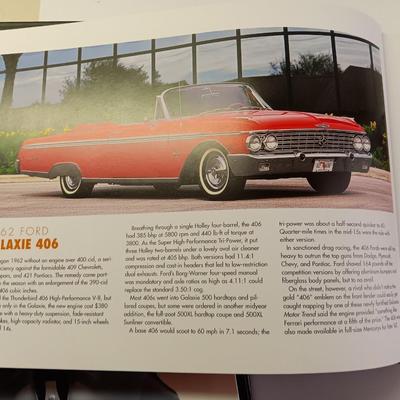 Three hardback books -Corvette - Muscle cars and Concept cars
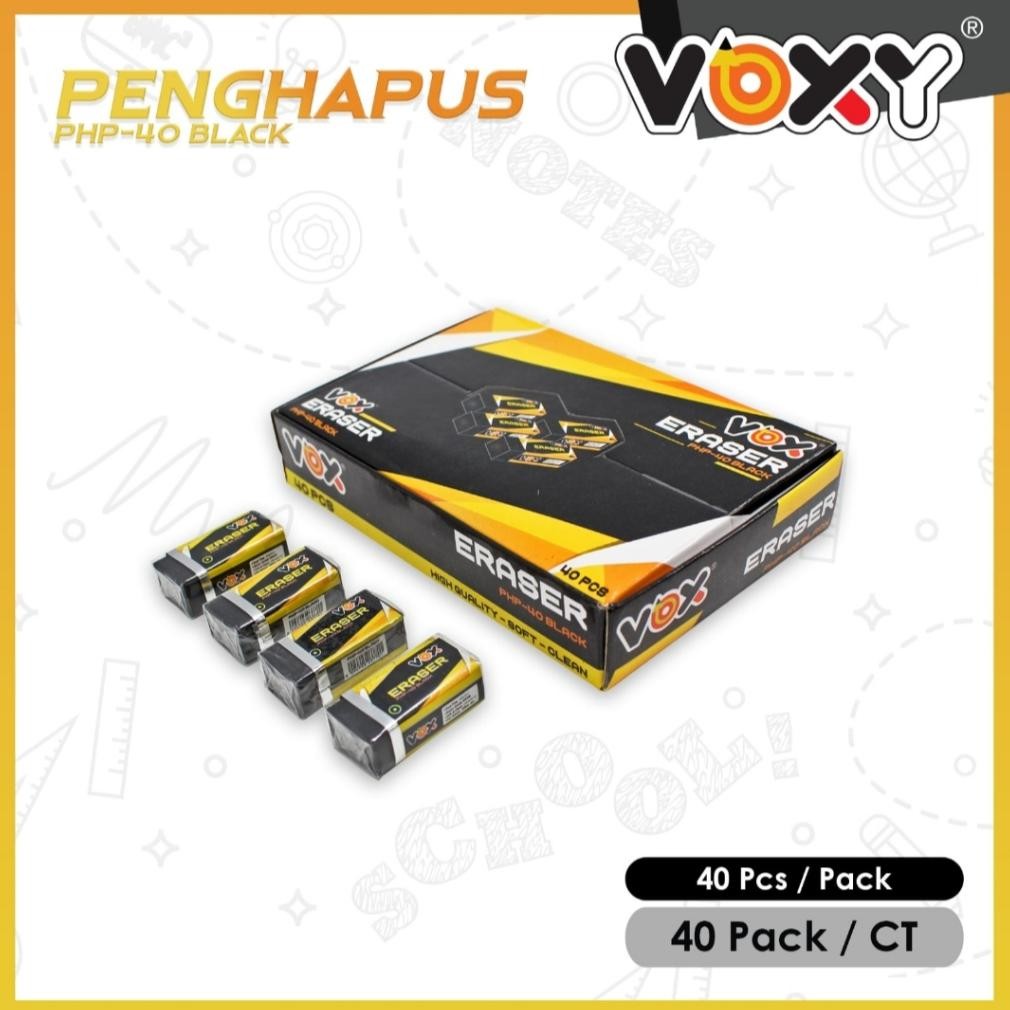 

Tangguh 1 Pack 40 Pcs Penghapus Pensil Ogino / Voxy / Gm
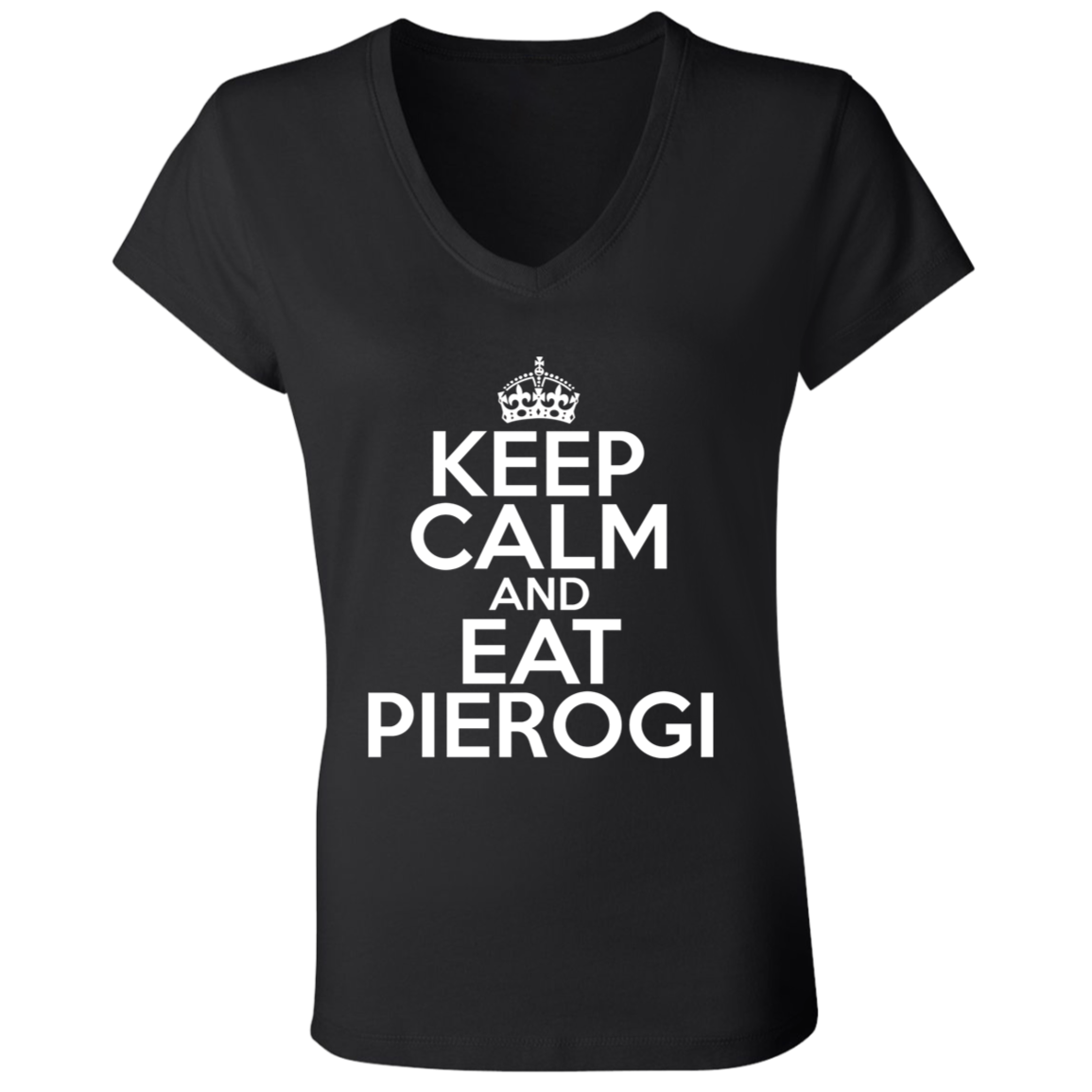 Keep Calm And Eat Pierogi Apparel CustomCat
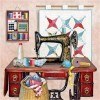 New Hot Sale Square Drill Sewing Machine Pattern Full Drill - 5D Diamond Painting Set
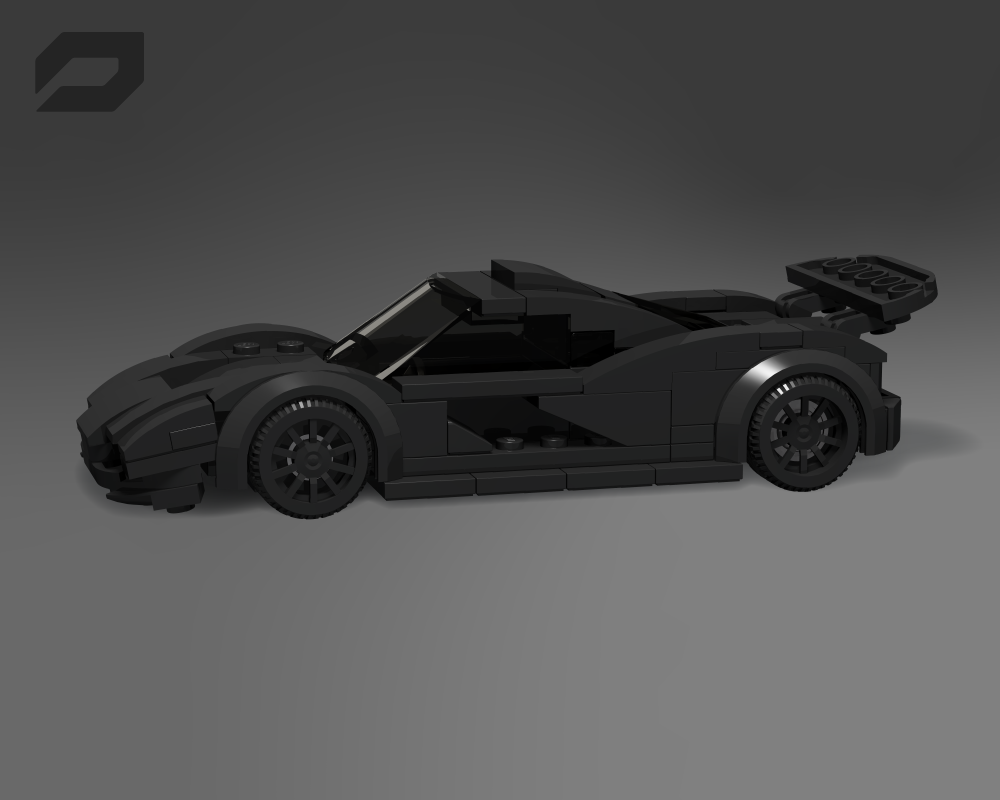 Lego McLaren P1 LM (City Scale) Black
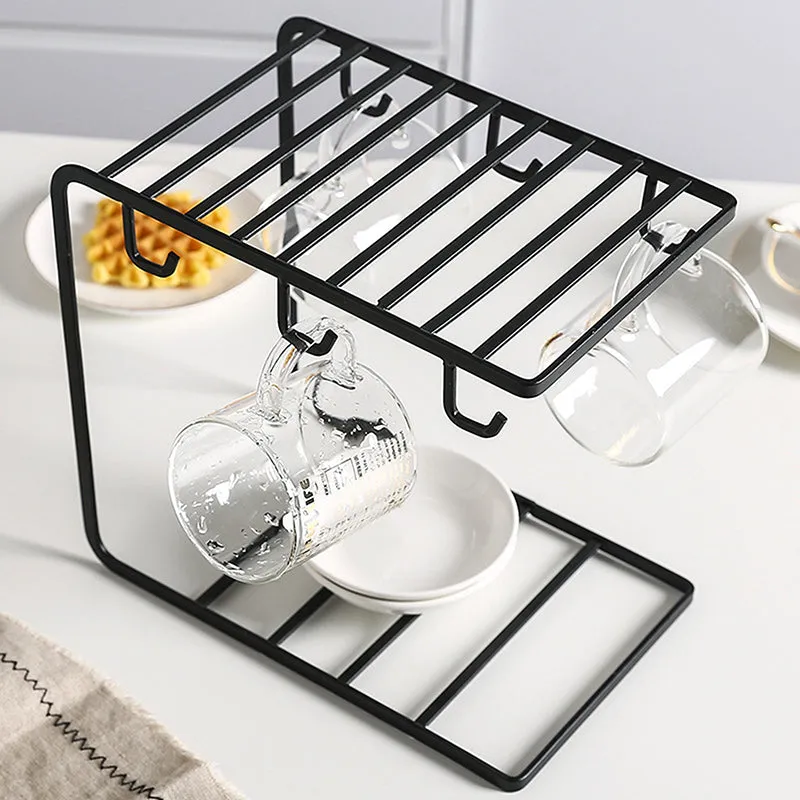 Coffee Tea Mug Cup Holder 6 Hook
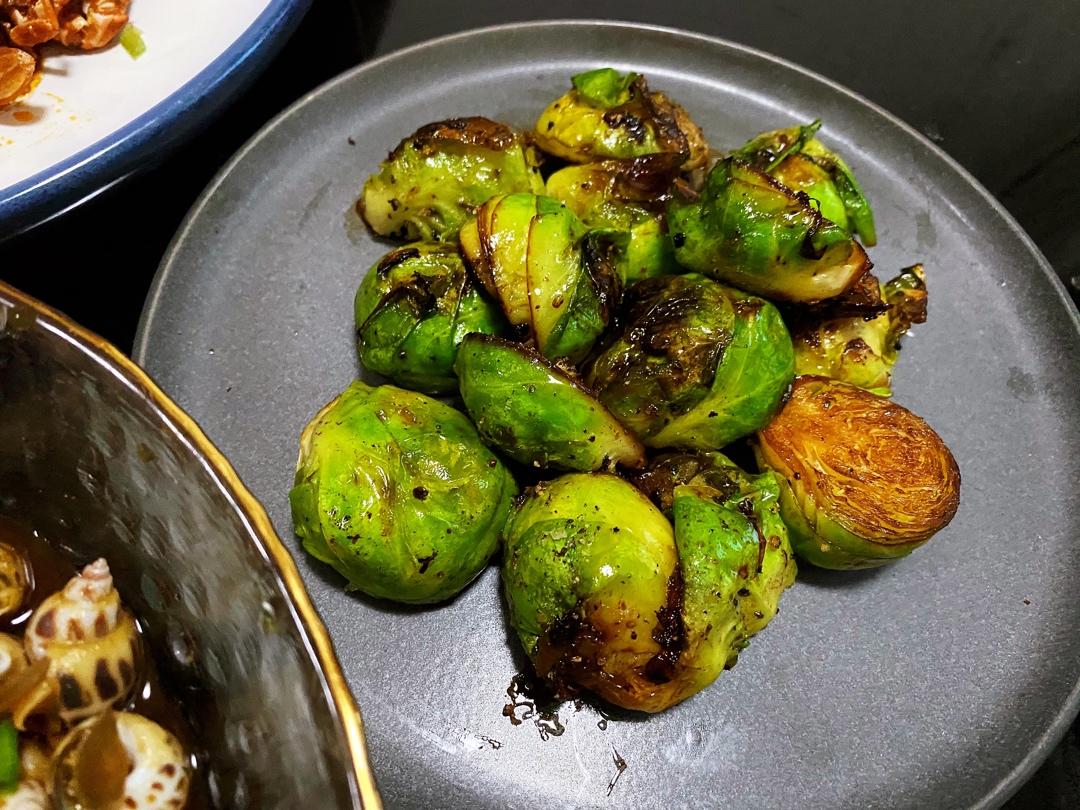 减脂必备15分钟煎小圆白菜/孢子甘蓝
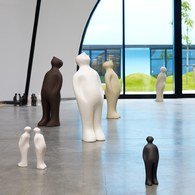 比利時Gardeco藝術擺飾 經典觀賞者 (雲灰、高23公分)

□ □ □ □

● Exercise objective: Beginning with the line containing "New Hot Sale" and ending with the last line of the material, output each line exactly; do not include pictures.

● Reply to the exercise:
 New Hot Sale Square Drill Sewing Machine Pattern Full Drill - 5D Diamond Painting Set
 Lego McLaren P1 LM (City Scale) Black
 Coffee Tea Mug Cup Holder 6 Hook
 减脂必备15分钟煎小圆白菜/孢子甘蓝
 比利時Gardeco藝術擺飾 經典觀賞者 (雲灰、高23公分)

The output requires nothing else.